My client was obviously a bit drunk as he sat there. I had just watched him guzzle about sixteen ounces of straight whiskey right in front of me, two eight-ounce cupfuls. Plus, he was drinking previously that night. But this wasn’t just a drunk man on a rant. We were listening to a killer, a true killer. I could never describe properly how offhandedly he said those words. “I must have strangled him—you know, with this rope.” It was as if he was telling us that he had brushed his teeth that morning, mentioning some kind of inconsequential part of the overall point that he was making. Stevens and I could not believe what we were hearing. We just kept looking at one another, awestruck.

“Yeah, he was laying on the floor when I woke up. He was blue in the face, ya know, like they say, and he had a rope around his neck and the handcuffs—he still had the handcuffs on. I don’t remember everything, but I think I tricked him, you know, cuz that is what I did with a lot of the others. I would use a rope, the rope trick, and I used it kinda like a tourniquet around their necks. That’s how I would do it. That’s what I did with that kid you were pointing to, that kid in the paper. What’s his name? Robby … or somethin’ like that. I did the rope trick on him. He was crying, scared. I didn’t really mean to scare him. I thought he was something very different. I thought he was a hustler like the others. But, really, he was just a kid. The kid had his hand on the door to leave. He even said that he was so scared that he thought I was going to kill him. I knew I couldn’t let him leave. I knew I couldn’t … That would not have
been good. That would not have worked out. He was too scared … too fuckin’ scared. I thought he lied to me, but maybe he didn’t. Maybe he wasn’t lying.

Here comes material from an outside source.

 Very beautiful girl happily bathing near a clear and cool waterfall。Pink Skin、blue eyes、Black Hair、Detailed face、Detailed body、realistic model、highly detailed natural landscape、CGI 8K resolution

Maybe he just wanted a job, ya know?

“These other kids weren’t like him, that’s for fucking sure. They were hustlers, greedy little liars and hustlers. One was a bigger liar than the next. I used to go down to the park, Washington Park. They called it Bughouse Square, and these kids would offer blow-jobs for money. Sex for money, and then they would try to hike up the price after they had already told me a certain price. They would try to hike it up, you know, raise the price up. Extortion, plain and simple. Or, this was something else, I would take these guys back to my house, and they would see that I was a successful businessman in a nice neighborhood, and they would figure out that I couldn’t let everyone know that I was bisexual or shit like that. They could see that I wouldn’t want my neighbors to know about these guys. They could see that. And then they would start to threaten to tell the neighbors. Right then, they would say they were going to go right out and tell the neighbors everything. They should have kept their fucking mouths shut. They didn’t know who they were dealing with. So, they would get the rope trick. I wasn’t afraid of the neighbors. Lots of them knew me. They knew what I did. They have eyes. They can see my house from theirs. I just hate fucking liars, greedy lying homos. Fuckin’ fagots!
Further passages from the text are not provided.